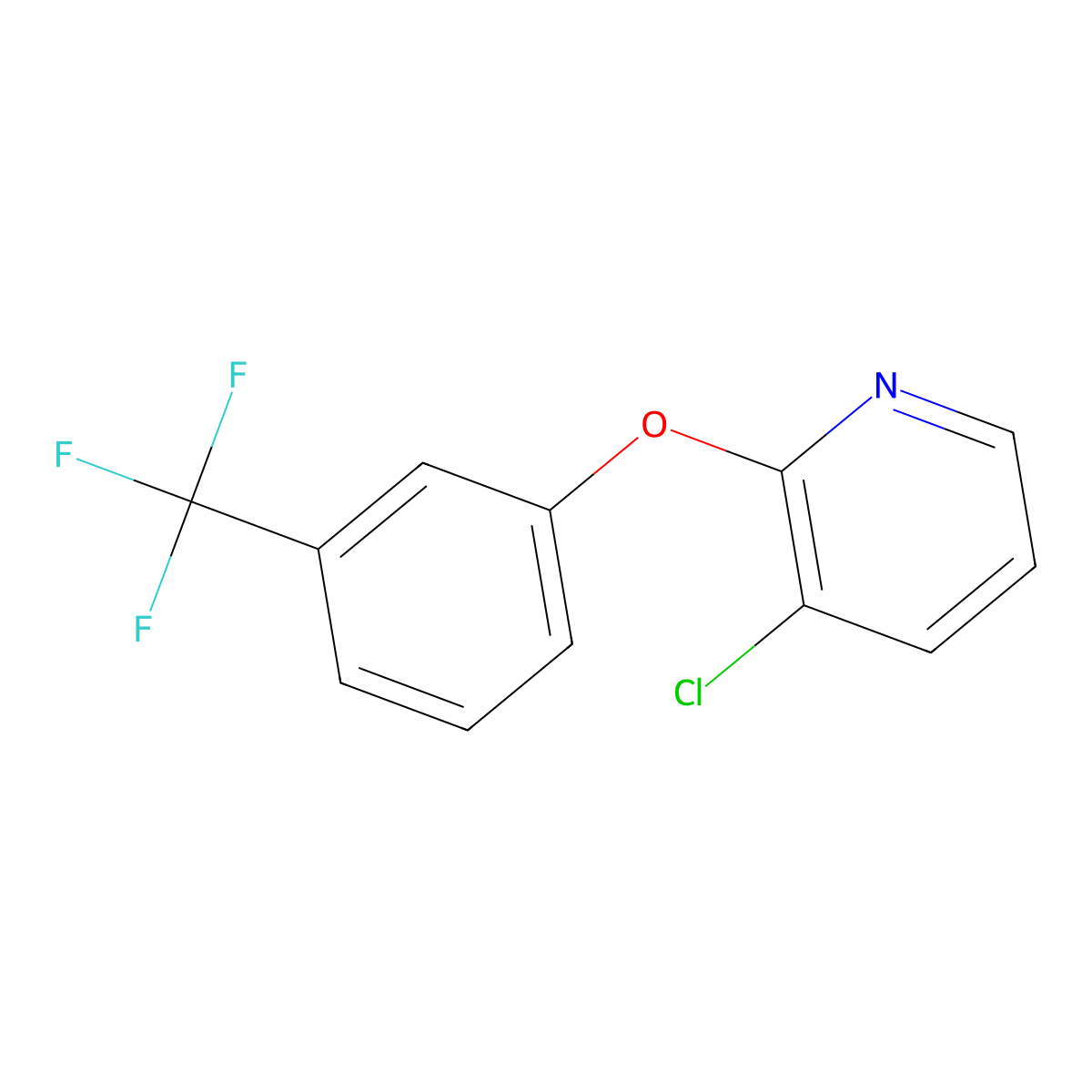 3-Chloro-2-(3-(trifluoromethyl)phenoxy)pyridine molecular structure, CAS 197565-66-5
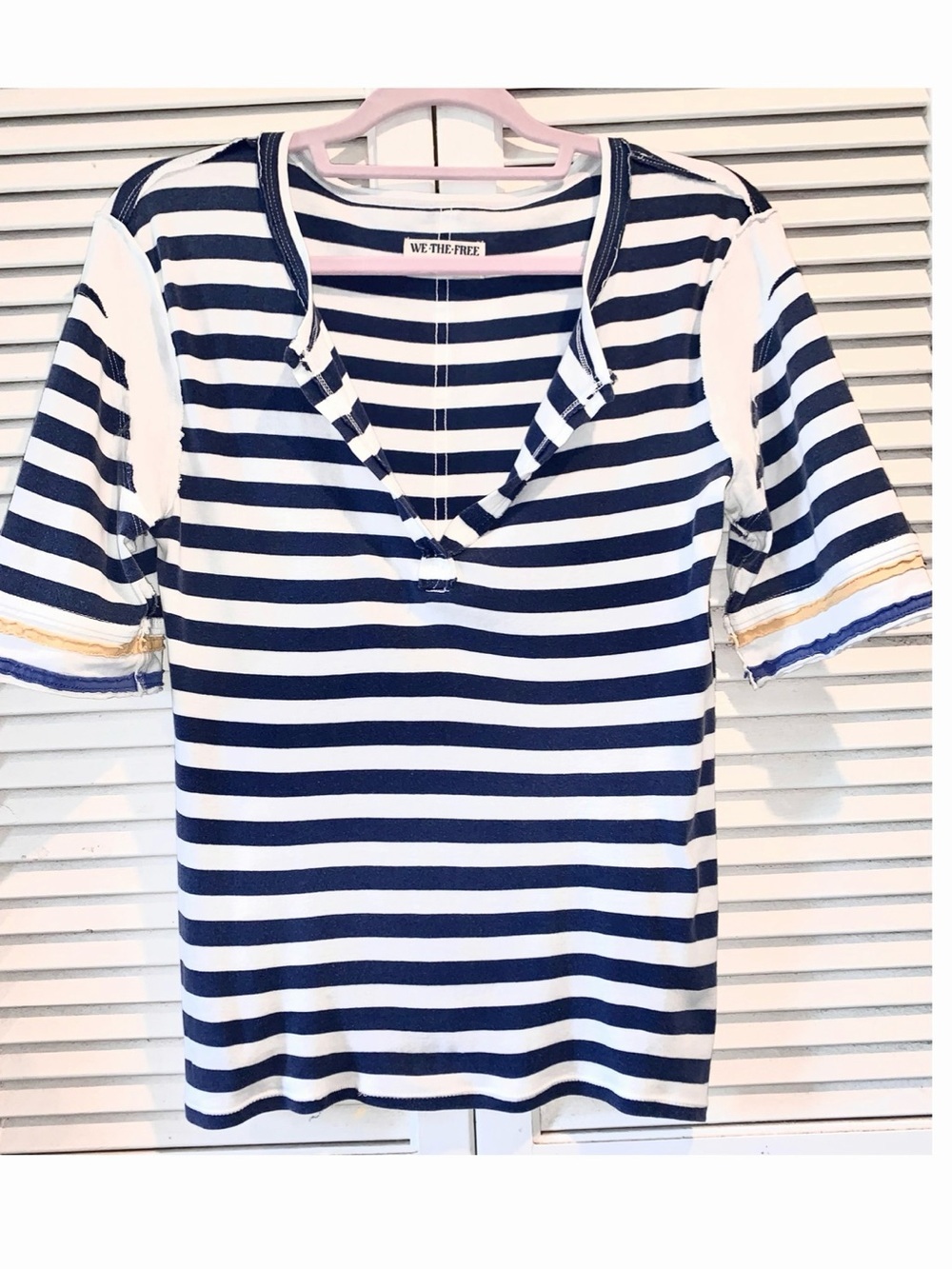 We The Free navy and white striped top featuring a split neckline women’s Medium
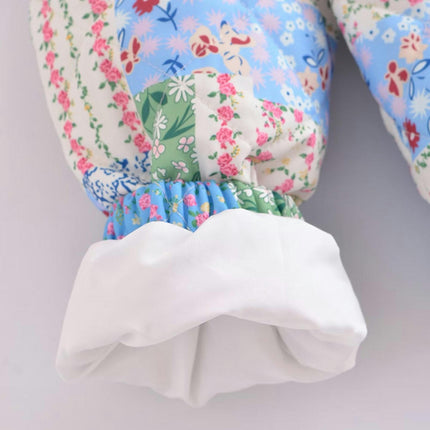 Women's Long Sleeve Quilted Jacket Button Down Floral Printed Lightweight Padded Coats
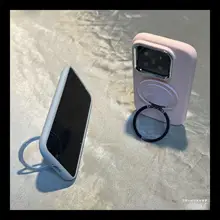 スマートフォン対応 360°回転スタンド【防衝撃シリコンケース・マグネット式】
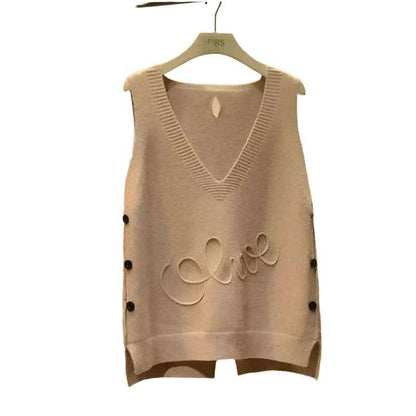 Women Large Size Loose Ladies Knit Vest Short Button,Korean Style - MaribelaShop2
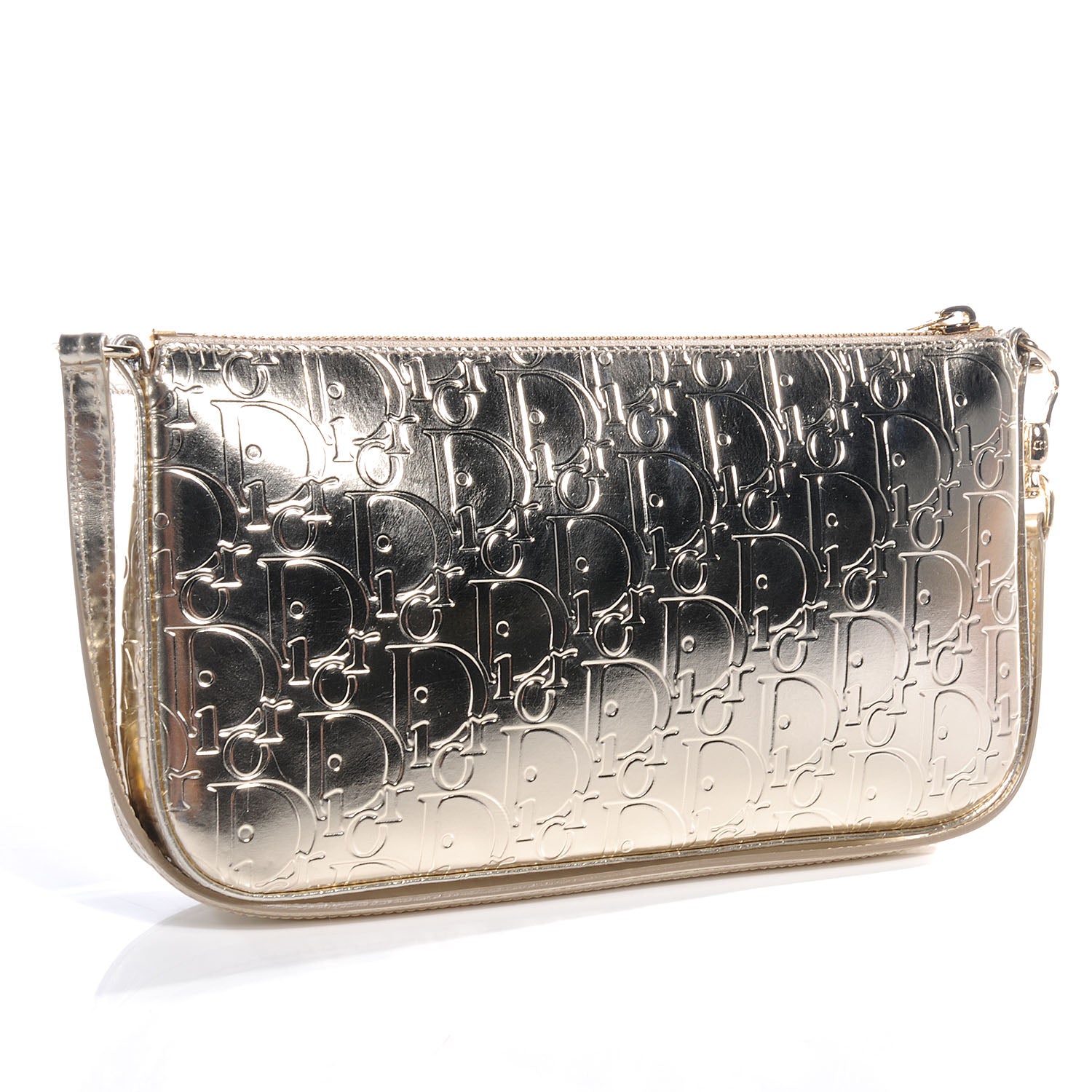 Christian Dior Patent Ultimate Zip Pochette Gold 3 of 8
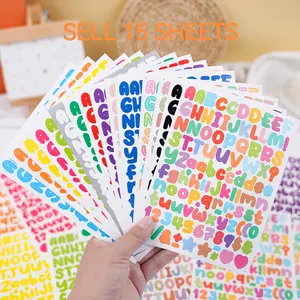 1680 Vinyl Letter Stickers (15 Sheets), numbers symbols，Small Size, 1/2 Inch Fluorescent Letters, Self-Adhesive Waterproof Numbers, DIY Crafts Supplies, Adhesive Decals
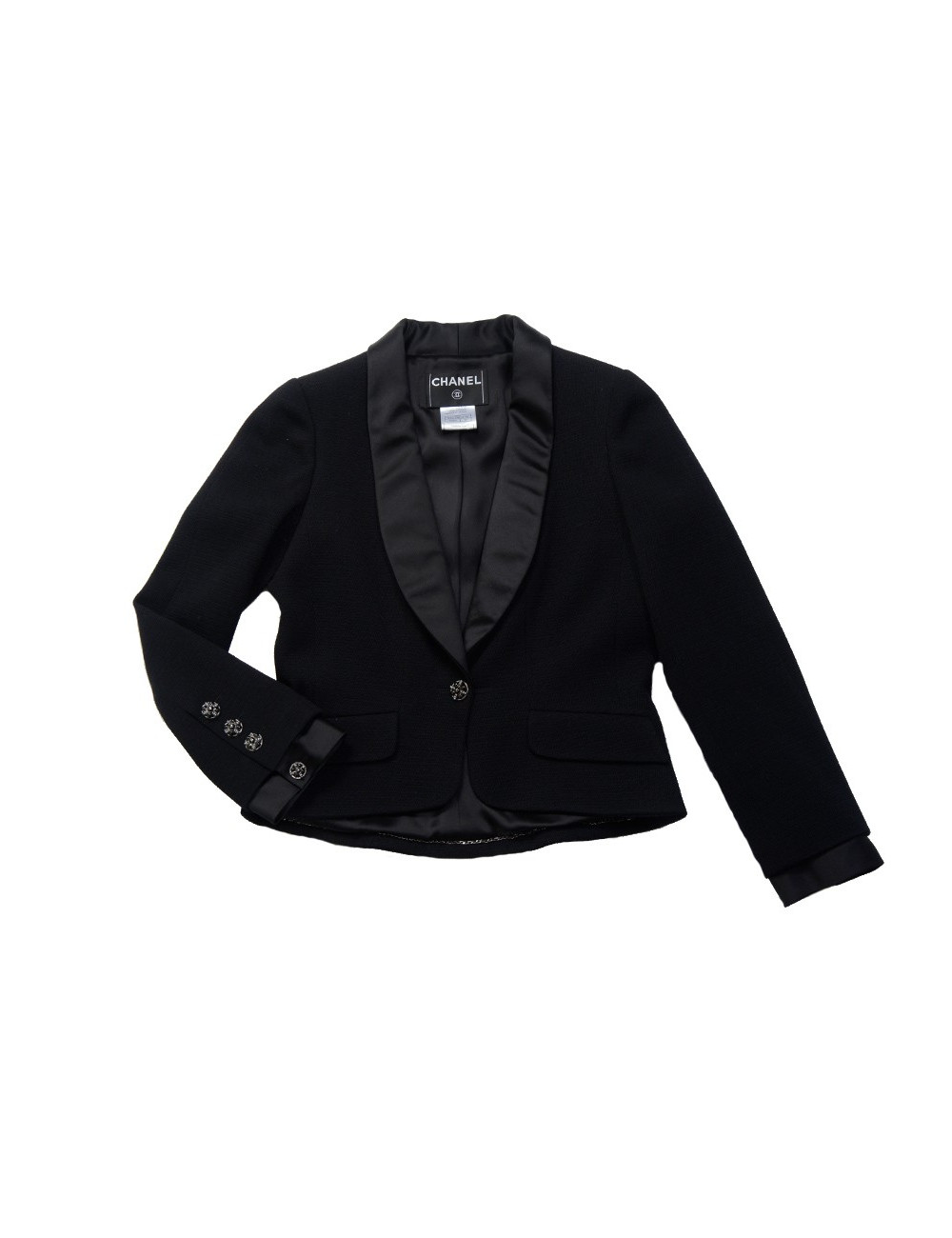 CHANEL Tuxedo black short jacket in wool T 40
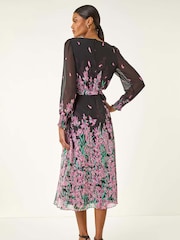 Roman Pink Floral Border Print Belted Midi Dress - Image 3 of 5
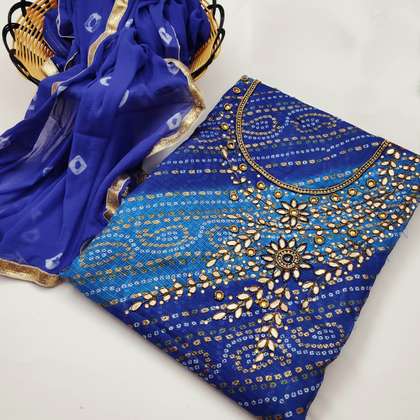 HERE&NOW
                        Bandhani Printed Gotta Patti Cotton Jacquard
                        Unstitched Dress Material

= = = = = = =

● Your instructions:
Starting at the line that contains "Women Large Size", retype each line through the final one in the listing, with both ends kept and the pictures omitted.

● Solution below:
 Women Large Size Loose Ladies Knit Vest Short Button,Korean Style - MaribelaShop2
 Christian Dior Patent Ultimate Zip Pochette Gold 3 of 8
 1680 Vinyl Letter Stickers (15 Sheets), numbers symbols，Small Size, 1/2 Inch Fluorescent Letters, Self-Adhesive Waterproof Numbers, DIY Crafts Supplies, Adhesive Decals
 CHANEL Tuxedo black short jacket in wool T 40
 Roman Pink Floral Border Print Belted Midi Dress - Image 3 of 5
 HERE&NOW
                        Bandhani Printed Gotta Patti Cotton Jacquard
                        Unstitched Dress Material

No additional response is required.